Although nothing strange in the Balkans, the phenomenon was, somewhat ironically, labelled the “Gemino spell” after a spell in Harry Potter where things double when touched, creating “dozens of parties which are indistinguishable copies of one another.”
Such moves do not help strengthening the opposition, but are rather signs of the personalised aspects of politics, where disagreements are met by split rather than programmatic debate within the party. The result is, however, that the opposition parties that started the protests and demonstrations did not sign the deal. Indeed, they also refuse to recognise the electoral results.
Election day was generally calm and orderly, and voting was overall smooth, according to international observers. The opposition, however, highlighted a number of incidents which they denounced to the court. In addition to these accusations, there were a handful of returning difficulties, which international observers continue to point out: the electoral list is contested, media is biased and keep a low level of quality, and party funding is far from transparent.
First, the electoral list is a typical matter of concern in many countries, and also in Montenegro there are allegations of duplications, dead persons still on the list, etc. In fact, the list contained 528,817 persons in a country with an estimation of 622,218 inhabitants according to official statistics, leaving 85% of the population as eligible voters. As the opposition claims that this number is too high, an electronic system to clean up the list has been developed and put in use. However, when the Minister of Interior, coming from the opposition, needed to sign the list, he refused to do so arguing that it had not been properly cleaned from false entries. Eventually, a solution was found as a secretary signed it, but the doubt of the accuracy remains.
Second, the Montenegrin media is divided along political lines, and far from free and open, leaving it difficult for the population to make an informed choice. Government officials show “blatant favouritism” towards certain media outlets, and journalists, not only independent such, face “threats, attacks, and vandalism of their property”, leading to self-censorship and editorials being everything but independent. This puts Montenegro as number 106 out of 180 in the Press Freedom Index, and affects the possibility for the electorate to get a broad and in depth analysis of the choices available, hampering the free choice.

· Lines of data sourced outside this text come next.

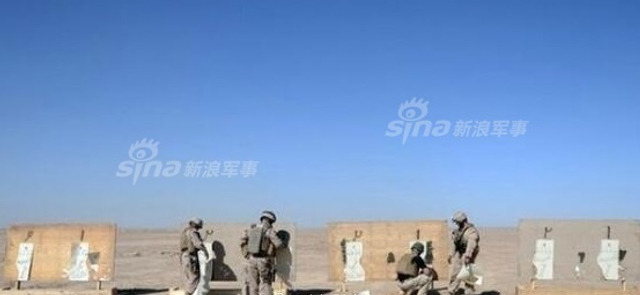 基情满满！美军亲自手把手教阿富汗士兵打机枪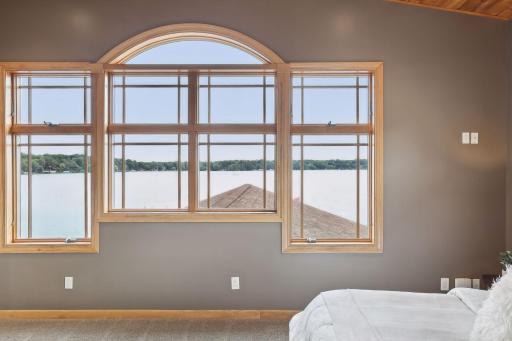1736 Shorewood Lane, Mound, MN 55364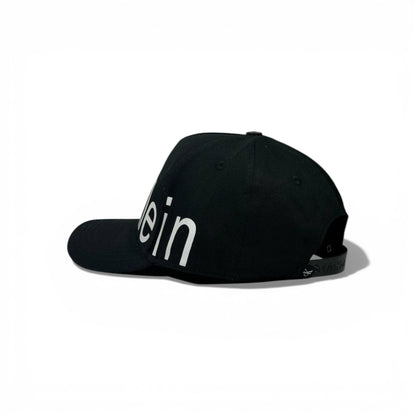 🧢 Calvin Klein Logo Baseball Cap – Black Minimal Designer Style ⚫✨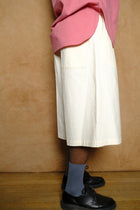 tuck wide shorts a in off white cotton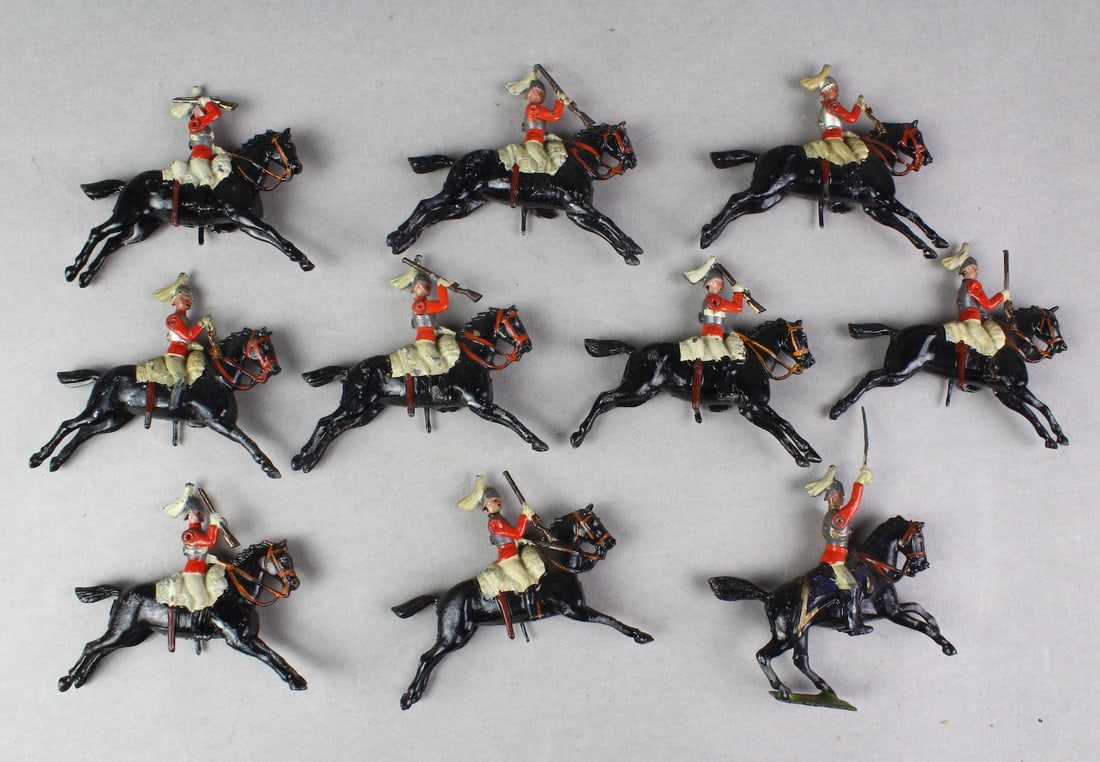 Britains #43 The 2nd Life Guard Soldiers: Britains #43 The 2nd Life Guard Soldiers on Horseback. 10 Mounted cavalry.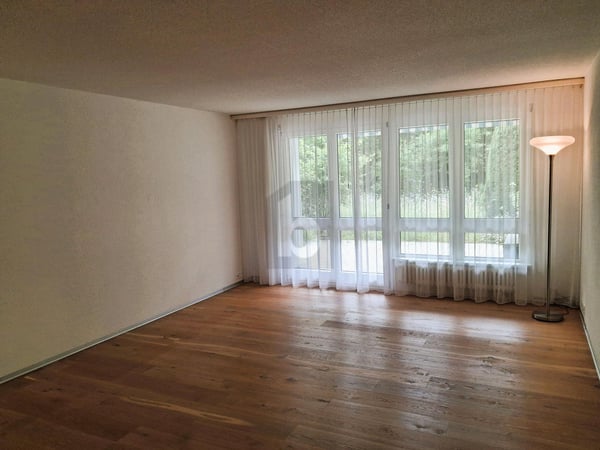 RUHIG MIT GEMÜTLICHEM SITZPLATZ 1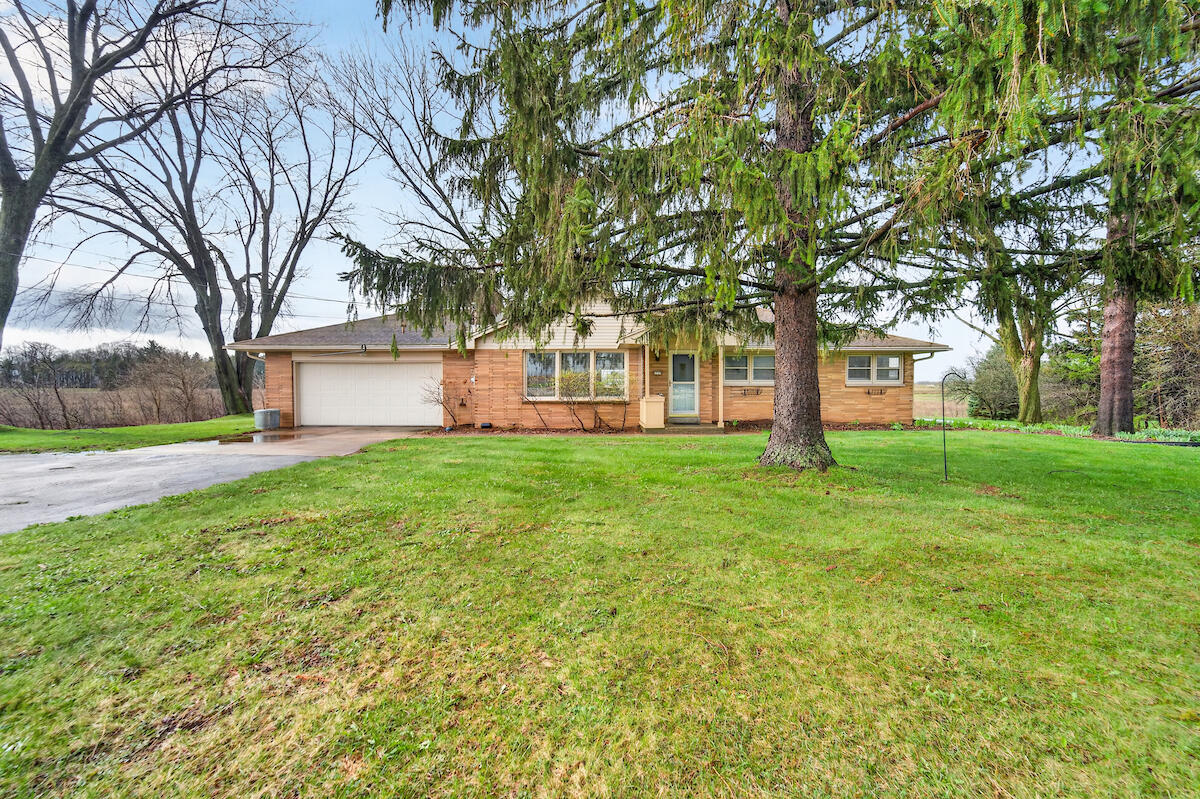 8705 West Donges Bay Road Mequon, WI 53097 - Photo 19 of 20 Front of home
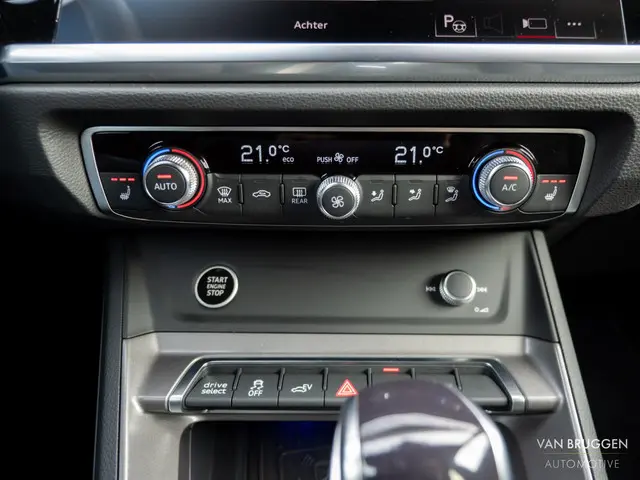Audi Q3 45 TFSI e S-Line 2021 Hybride Benzine 31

Thirdly, the funding of political party is far from transparent. The ODIHR election monitoring mission writes that “All campaign finance transactions must be carried out through a specially designated bank account[…]. Some parties opened campaign accounts late or reported little or no donations”. At the same time, the EU points out that “There has been no political follow-up to the alleged abuse of public funds for party political purposes” underlining the international concerns on this issue.
At the bottom of these concerns lie worries about where the parties get their funding from, and how they use it. The “Audio recording affair” which broke in 2013 show that the governing Democratic Party of Socialists offer jobs and loans to party donors and supporters. At the same time the government accuse parts of the opposition to receive funds from Russia, which is indeed illegal as foreign funding is prohibited by law.
The lack of transparency regarding party funding is deeply worrying, in particular in combination with the severe accusations form both political sides, and international worries in addition. It casts a shadow over the level of separation between party and state, and the level of political corruption in the country. A shadow which has been better defined and more evident during the electoral campaign and the aftermath of the elections. The Montenegrin democracy is indeed caught between a rock and a hard place.